MAN, MONARCH, MESSIAH

His is the proverbial footpath and rags to riches story, a self-made man if ever there was one. An actor who’s been decorated thrice with the national award, but one whose enormous talent is sadly still largely untapped. A hotelier with a great vision. A philanthropist and humanitarian who has vowed to give back every paisa he’s earned to society. And a lots more, besides. On overwhelming reader’s demand, SCREEN pays tribute to the Mithun Chakraborty dream factory...

Remember Fairdeal Restaurant & Stores on Mumbai’s well-known Linking Road, Mithun? The place where you and several other jobless struggling actors sat for hours on end over cups of steaming hot tea (with bun maska or khaari biscuits to go with it whenever you had the money, which was rare)? Today, they have razed down the hotel and in its place has come ‘Citywalk’, a sophisticated shoe shop where an ordinary pair of chappals could cost almost the entire salary of a peon in a private company. I pass by ‘Citywalk’ almost everyday and keep looking at it and I am reminded of you sitting there in that typical Iranian chair, playing with your locks for lack of something else to do, which ultimately became a habit with you.
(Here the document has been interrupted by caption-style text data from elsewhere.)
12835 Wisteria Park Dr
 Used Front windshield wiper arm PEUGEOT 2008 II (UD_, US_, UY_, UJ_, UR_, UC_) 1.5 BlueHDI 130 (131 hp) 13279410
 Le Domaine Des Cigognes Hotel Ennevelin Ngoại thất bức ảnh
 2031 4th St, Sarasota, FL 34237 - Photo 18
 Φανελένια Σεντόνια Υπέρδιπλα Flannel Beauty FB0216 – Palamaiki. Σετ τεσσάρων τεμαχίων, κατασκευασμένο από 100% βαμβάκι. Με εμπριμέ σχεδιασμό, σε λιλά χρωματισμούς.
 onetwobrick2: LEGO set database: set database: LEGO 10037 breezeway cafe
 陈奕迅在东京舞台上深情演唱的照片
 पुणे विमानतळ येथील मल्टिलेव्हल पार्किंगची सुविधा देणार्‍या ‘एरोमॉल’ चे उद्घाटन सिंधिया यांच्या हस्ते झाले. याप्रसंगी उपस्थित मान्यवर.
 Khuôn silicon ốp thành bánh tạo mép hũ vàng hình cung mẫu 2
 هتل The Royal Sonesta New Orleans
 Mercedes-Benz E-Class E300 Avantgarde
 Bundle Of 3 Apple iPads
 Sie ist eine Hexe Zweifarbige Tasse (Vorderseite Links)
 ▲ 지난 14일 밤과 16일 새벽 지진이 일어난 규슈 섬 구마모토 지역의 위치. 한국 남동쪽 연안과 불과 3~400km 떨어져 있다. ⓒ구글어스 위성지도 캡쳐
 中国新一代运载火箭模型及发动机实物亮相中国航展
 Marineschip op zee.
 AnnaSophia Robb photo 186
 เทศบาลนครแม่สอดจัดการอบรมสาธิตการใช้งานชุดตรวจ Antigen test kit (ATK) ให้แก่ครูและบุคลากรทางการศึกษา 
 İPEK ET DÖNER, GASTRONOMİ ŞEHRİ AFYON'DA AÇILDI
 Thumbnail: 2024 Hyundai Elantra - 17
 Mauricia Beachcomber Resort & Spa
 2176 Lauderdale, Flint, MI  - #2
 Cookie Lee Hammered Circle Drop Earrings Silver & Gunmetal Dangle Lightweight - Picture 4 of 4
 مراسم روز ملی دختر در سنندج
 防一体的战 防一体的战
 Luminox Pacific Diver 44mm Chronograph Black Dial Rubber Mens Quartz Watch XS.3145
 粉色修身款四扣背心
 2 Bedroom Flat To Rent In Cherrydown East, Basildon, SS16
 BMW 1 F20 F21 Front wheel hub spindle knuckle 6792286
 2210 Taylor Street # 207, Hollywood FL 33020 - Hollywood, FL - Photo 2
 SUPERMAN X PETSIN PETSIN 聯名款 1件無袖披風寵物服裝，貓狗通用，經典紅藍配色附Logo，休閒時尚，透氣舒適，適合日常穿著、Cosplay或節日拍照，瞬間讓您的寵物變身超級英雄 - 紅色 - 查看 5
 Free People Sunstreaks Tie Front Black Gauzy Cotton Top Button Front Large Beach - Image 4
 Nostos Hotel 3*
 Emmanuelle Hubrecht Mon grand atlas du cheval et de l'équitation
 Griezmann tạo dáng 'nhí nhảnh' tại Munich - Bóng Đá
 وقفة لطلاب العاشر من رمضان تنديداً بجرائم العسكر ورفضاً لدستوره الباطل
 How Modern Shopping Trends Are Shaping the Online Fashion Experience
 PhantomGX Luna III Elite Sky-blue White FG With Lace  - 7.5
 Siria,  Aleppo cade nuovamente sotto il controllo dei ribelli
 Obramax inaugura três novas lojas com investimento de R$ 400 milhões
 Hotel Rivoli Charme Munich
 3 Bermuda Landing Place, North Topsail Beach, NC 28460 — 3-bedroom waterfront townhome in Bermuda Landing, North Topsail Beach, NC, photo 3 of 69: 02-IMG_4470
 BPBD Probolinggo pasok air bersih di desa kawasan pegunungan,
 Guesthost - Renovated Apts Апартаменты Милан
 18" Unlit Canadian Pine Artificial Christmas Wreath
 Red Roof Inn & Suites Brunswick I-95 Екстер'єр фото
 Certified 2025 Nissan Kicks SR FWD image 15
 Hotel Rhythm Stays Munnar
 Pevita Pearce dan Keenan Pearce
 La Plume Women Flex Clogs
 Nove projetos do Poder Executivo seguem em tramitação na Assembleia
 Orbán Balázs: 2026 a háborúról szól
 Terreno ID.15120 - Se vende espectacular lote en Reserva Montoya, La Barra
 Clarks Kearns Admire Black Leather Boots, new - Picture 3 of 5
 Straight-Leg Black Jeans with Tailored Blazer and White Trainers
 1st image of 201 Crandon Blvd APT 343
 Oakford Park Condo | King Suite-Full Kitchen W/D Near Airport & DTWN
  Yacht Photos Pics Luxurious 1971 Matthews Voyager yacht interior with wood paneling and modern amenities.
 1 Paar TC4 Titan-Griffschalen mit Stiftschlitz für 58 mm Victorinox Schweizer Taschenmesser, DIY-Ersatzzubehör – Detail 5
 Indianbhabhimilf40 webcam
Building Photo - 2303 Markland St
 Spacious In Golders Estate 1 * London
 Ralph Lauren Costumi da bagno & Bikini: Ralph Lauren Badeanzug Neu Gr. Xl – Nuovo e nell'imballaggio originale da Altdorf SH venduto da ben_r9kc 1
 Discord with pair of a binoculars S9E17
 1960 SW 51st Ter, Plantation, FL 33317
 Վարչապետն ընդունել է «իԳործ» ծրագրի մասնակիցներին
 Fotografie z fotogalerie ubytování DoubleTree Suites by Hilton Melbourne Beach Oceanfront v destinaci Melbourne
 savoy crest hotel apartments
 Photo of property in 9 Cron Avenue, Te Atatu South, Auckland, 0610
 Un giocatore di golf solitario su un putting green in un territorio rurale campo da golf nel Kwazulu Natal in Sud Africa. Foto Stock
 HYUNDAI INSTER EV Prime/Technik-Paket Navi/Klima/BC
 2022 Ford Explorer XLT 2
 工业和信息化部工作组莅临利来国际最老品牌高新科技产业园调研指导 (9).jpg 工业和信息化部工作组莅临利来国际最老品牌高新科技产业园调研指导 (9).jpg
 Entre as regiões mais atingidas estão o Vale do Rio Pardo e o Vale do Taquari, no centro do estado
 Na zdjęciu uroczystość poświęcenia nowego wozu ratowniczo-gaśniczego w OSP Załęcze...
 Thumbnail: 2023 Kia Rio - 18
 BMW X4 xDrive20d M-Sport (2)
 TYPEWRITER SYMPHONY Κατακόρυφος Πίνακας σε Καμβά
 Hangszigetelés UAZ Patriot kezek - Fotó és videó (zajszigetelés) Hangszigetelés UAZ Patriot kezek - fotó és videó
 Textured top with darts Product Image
Remember those dark and depressing days when you carried your gold medal, the National Award you had won for your performance in your very first film, Mrigaya and trooped from studio to studio, from office to office, from filmmaker to filmmaker, looking for work which just would not come, even as your frustration kept growing almost balancing on the tip of rage, the anger of a Naxalite (some very authentic stories making the rounds while you made your rounds even suggested you were a hard-core Naxalite who had run away from it all)?

Remember the journalist who asked you for an interview and you said you would speak to him only if he bought you lunch, because you had not eaten anything for two days?

Remember the days when you changed your name to Rana Rez and danced at different entertainment programmes for a few rupees, held in different parts of the city, paapi pet ke liye?

Remember the time you danced with the legendary Helen and she was so thrilled with your dance that she had predicted a great future for you?

Remember all those ordinary everyday friends who gave you a place to sleep, food to eat and sometimes even a drink at times, of tharra (country liquor)? Remember how you lived as a paying guest in so many places without so much as paying rent for months?

Remember that old South Indian woman who looked after you like a son? And so many other good souls like her?

Remember Mr Thakkar, an elderly photographer who was a specialist at clicking the stars of the early days? Do you remember how you pleaded with him to photograph you just once and how Mr Thakkar was kind enough to listen to your plea. That photograph still adorns India Photo Studio, Mr Thakkar’s studio, now being run by his son Vimal, who was one of your rich friends?

Remember how the veteran filmmaker Dulal Guha and his sons Gautam and Putul and their sister took a great liking for you and treated you like part of the family? Remember how you cried when the sister was getting married and leaving home?

Remember your first film and so many other ‘B’ and ‘C’ grade films which you did till B Subhash saw some rare sparks in your feet and made you a super-star, a super dancing star, the kind of star the industry had never seen before, with just one film, Disco Dancer? You were finally recognised as a star, a very big star. All those who looked down on you, and drove you out of their gates, looked up at you and lined up outside your house to sign their next film with you as the hero.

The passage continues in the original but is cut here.